◆ Requirement:
The result should be an exact copy of the entries below, free of pictures.

--------------------

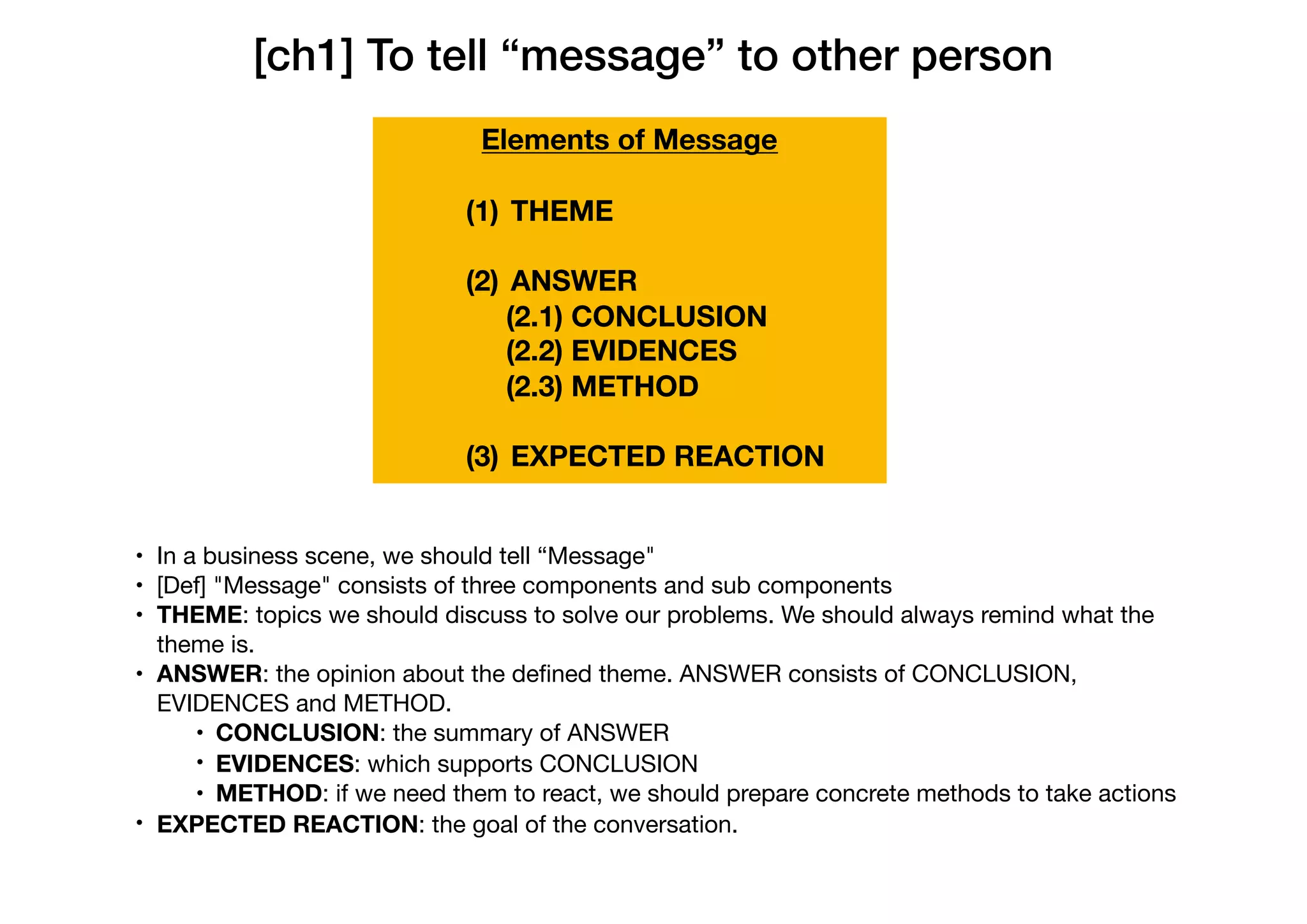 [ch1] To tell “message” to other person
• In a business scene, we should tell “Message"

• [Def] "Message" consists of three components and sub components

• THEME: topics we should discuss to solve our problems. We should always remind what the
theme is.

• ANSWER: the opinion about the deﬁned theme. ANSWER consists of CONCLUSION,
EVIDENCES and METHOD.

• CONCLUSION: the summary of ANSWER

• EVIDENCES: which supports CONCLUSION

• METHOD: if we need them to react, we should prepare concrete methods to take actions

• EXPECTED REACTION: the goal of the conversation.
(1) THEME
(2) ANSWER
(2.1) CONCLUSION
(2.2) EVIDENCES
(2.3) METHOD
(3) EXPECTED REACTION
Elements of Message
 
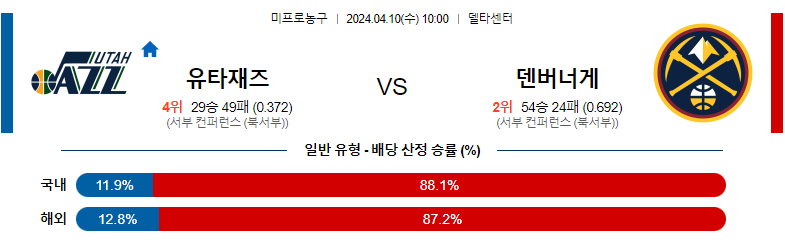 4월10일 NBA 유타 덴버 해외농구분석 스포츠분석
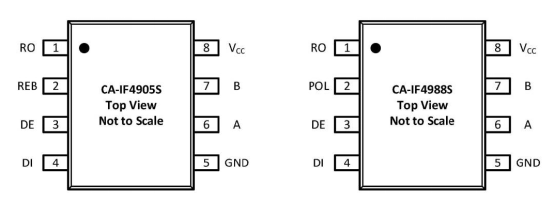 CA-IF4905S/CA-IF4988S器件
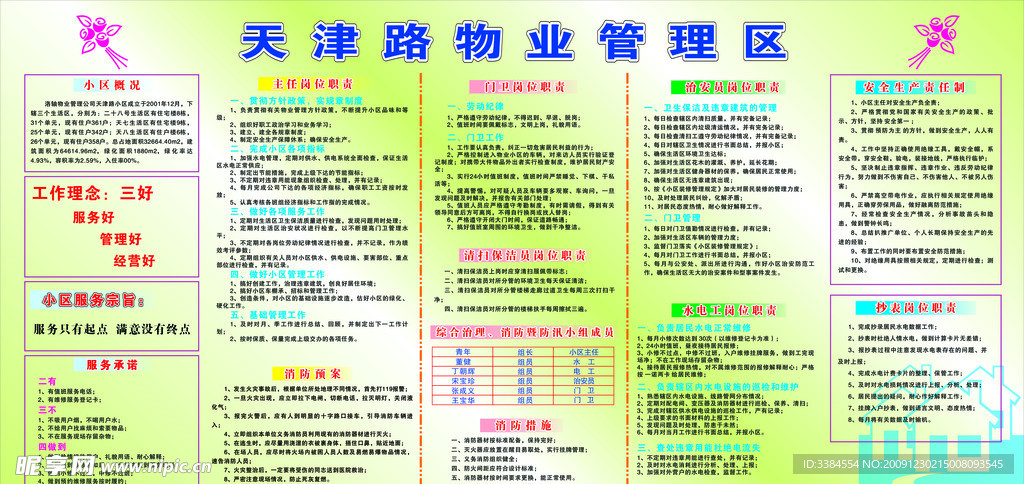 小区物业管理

--------------------

◆ Answer to this problem:
 [ch1] To tell “message” to other person
• In a business scene, we should tell “Message"

• [Def] "Message" consists of three components and sub components

• THEME: topics we should discuss to solve our problems. We should always remind what the
theme is.

• ANSWER: the opinion about the deﬁned theme. ANSWER consists of CONCLUSION,
EVIDENCES and METHOD.

• CONCLUSION: the summary of ANSWER

• EVIDENCES: which supports CONCLUSION

• METHOD: if we need them to react, we should prepare concrete methods to take actions

• EXPECTED REACTION: the goal of the conversation.
(1) THEME
(2) ANSWER
(2.1) CONCLUSION
(2.2) EVIDENCES
(2.3) METHOD
(3) EXPECTED REACTION
Elements of Message
 
 4월10일 NBA 유타 덴버 해외농구분석 스포츠분석
 CA-IF4905S/CA-IF4988S器件
 小区物业管理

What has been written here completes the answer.